Et oui, et voilà. Tout s’expliquait désormais, Romain pouvait remonter tranquillement et se préparer à passer une deuxième nuit, plus tranquille cette fois, dans cet appartement prêté par son pote Baptiste, qui était quand même un peu étrange de vouloir à ce point lui dissimuler ses escapades. Que craignait-il ?

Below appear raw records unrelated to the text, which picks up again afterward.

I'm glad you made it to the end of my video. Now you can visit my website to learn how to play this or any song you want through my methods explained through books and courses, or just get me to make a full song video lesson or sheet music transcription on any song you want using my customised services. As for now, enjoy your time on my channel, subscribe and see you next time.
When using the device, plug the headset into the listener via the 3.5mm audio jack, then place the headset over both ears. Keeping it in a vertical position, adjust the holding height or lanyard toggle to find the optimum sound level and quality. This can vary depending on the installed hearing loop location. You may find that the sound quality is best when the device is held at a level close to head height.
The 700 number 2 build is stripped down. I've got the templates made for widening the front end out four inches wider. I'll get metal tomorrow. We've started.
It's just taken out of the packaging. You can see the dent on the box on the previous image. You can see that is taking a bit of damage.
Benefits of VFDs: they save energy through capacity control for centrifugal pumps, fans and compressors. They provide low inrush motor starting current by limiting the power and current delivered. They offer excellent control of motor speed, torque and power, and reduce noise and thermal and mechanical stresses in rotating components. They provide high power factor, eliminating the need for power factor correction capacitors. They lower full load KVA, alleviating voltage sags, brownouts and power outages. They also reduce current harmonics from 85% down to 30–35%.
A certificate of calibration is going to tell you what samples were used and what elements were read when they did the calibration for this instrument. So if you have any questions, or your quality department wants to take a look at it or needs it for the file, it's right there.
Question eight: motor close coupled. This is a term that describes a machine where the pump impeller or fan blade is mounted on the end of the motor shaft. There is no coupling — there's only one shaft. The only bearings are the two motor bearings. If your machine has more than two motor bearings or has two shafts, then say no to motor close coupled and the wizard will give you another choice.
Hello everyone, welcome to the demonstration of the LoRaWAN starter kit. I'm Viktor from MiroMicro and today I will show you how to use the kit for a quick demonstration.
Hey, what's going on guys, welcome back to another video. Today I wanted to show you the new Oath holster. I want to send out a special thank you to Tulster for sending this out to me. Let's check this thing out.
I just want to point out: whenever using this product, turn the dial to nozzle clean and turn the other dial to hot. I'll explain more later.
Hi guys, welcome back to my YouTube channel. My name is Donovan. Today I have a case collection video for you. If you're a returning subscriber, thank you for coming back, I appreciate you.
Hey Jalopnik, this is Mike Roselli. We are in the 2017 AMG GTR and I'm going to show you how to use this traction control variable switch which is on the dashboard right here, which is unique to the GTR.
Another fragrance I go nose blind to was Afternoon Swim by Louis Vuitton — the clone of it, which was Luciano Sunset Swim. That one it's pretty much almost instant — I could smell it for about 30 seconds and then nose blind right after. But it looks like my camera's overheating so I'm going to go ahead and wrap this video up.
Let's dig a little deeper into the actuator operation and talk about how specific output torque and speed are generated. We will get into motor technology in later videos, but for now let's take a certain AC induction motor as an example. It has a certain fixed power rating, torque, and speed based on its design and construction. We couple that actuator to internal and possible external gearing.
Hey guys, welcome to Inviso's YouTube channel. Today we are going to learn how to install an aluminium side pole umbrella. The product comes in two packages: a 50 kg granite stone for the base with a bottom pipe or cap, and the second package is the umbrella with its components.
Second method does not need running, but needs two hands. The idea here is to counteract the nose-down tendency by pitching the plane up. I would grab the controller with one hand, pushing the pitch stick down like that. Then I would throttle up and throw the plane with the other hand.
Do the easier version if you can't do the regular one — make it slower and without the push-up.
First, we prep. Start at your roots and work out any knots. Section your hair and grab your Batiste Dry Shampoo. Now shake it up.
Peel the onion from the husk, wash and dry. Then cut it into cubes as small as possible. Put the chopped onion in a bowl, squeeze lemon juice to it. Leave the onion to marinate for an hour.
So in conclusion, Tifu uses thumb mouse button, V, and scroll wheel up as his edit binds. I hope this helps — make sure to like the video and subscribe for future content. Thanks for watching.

Trois jours plus tard, les amis se revirent. C’était de nouveau à Paris, Romain était resté sur place et Baptiste revenait d’une négociation de contrat aux Etats-Unis avec une agence américaine. Ils s’étaient donnés rendez-vous dans une brasserie de Saint Germain des Près. Romain lui raconta l’histoire. Baptiste était héberlué, il nia carrément toute relation érotique avec une voisine. Quand Romain précisa que celle-ci habitait dans la petite maison à gauche au fond du jardin, il ouvrit de grands yeux : mais cette maison est abandonnée depuis longtemps ! Je n’y ai jamais vu personne ! Mais comment, tu sais bien, cette dame blonde qui vit là, qu’on peut voir par les fenêtres de sa cuisine. Baptiste lui demanda de le suivre, on allait y voir de près ! Ils retournèrent à l’appartement de la rue Buffon, entrèrent par la porte cochère, suivirent la petite allée, laissant sur la droite la loge du concierge et, arrivés au niveau de la maison basse, Romain dut se rendre à l’évidence… qu’il n’y avait pas d’habitant.e. Les pièces étaient sales, noires, abandonnées, des fils d’araignée pendaient au plafond. Quel trouble… comment cela était-il possible ? Avait-il rêvé ? Mais alors tout ce qui s’était passé cette nuit du 31 mai dans Paris était-il faux ? Même la victoire du PSG ? D’une voix tremblante, il osa demander à Baptiste ce qu’il avait pensé du match. Quel match ? Ah oui, la finale de la coupe des champions, là où le PSG s’est encore fait battre par un Inter de Milan autrement plus réaliste ? 1-0 pour Milan. But de Marcus Thuram. Dembele n’avait rien pu faire. Jetant son regard sur les journaux en devanture du kiosque, Romain vit que plus rien ne renvoyait à cet événement sportif, il n’était plus question que des bombardements russes et de l’envoi de denrées à Gaza qui tournait une nouvelle fois au cauchemar pour la population gazaouie. Rien sur le PSG.